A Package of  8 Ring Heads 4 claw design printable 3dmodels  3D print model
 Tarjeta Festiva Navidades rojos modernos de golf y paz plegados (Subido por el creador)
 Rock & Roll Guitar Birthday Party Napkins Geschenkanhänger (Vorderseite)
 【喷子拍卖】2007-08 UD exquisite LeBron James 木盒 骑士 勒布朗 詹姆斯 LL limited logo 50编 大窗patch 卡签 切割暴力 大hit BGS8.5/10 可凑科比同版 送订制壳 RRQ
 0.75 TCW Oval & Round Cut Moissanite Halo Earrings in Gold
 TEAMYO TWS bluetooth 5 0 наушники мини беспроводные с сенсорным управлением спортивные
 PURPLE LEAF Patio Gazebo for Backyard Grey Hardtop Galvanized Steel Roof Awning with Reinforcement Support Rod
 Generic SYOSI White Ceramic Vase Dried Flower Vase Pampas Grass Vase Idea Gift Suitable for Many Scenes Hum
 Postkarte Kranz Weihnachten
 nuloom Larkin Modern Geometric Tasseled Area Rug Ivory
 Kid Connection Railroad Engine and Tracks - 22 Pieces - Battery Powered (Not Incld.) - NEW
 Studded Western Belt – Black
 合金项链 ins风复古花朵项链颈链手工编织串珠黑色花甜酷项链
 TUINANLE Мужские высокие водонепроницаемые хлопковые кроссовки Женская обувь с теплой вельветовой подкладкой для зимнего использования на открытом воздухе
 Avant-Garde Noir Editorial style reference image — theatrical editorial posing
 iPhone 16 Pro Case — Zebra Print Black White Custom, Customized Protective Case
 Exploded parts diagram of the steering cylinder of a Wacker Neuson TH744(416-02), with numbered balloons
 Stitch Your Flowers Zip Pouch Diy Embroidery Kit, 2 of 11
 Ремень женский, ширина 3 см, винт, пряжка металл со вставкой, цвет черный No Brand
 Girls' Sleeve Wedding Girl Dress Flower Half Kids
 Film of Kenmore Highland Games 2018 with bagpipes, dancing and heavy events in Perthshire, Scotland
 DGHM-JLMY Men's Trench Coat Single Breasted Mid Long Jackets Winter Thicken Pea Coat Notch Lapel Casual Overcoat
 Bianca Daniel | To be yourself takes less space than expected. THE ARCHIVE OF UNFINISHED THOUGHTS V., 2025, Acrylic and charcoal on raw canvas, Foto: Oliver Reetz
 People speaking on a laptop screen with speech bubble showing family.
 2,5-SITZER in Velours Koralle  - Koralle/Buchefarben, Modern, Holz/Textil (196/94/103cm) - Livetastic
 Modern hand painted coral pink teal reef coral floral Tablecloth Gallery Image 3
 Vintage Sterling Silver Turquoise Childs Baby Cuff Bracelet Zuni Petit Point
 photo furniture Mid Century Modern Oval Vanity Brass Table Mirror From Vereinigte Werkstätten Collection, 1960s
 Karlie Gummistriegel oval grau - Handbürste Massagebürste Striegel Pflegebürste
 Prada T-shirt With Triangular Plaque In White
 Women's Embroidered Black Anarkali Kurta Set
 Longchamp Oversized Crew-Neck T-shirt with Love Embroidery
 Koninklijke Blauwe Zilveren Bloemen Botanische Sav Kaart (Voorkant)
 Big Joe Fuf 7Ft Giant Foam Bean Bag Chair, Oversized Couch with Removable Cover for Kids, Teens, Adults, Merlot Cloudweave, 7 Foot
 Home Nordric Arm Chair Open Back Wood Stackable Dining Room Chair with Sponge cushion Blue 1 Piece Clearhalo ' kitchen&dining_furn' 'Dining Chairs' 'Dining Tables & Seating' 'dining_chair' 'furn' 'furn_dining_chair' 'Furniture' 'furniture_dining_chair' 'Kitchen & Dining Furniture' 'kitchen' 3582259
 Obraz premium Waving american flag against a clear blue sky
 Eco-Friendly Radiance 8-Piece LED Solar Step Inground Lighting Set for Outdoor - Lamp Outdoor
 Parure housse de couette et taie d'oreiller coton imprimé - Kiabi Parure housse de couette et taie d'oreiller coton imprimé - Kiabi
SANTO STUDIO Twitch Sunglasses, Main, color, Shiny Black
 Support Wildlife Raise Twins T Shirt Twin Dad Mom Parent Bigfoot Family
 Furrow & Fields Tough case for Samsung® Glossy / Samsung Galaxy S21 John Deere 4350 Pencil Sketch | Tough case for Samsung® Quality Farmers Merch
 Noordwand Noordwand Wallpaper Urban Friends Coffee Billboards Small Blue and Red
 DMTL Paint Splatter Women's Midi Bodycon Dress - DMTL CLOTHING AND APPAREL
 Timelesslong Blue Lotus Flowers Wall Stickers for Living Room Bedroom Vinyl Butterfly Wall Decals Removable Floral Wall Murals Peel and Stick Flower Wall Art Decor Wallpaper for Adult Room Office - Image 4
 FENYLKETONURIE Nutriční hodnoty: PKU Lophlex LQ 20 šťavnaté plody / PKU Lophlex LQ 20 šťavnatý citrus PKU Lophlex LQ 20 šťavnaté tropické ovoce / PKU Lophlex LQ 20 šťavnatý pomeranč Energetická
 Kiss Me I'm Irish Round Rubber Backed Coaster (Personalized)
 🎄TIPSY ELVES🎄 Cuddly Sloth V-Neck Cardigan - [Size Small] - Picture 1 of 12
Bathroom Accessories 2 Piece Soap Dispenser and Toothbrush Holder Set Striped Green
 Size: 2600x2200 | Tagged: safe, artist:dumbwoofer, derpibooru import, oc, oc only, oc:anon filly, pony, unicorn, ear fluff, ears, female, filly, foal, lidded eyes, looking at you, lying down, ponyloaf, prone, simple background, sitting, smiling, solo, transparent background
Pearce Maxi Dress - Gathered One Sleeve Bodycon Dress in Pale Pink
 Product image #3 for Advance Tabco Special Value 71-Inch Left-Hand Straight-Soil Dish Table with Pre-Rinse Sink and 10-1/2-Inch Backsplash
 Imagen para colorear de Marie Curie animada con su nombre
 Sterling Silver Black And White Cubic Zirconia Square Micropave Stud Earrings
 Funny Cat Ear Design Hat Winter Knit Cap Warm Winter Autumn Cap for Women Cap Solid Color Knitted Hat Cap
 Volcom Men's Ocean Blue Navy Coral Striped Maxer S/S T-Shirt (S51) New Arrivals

◆ **EXERCISE GOAL**: Every line in the listing that holds "Earrings" belongs in the answer.

◆ **RESULT OF THE EXERCISE**:
 0.75 TCW Oval & Round Cut Moissanite Halo Earrings in Gold
 Sterling Silver Black And White Cubic Zirconia Square Micropave Stud Earrings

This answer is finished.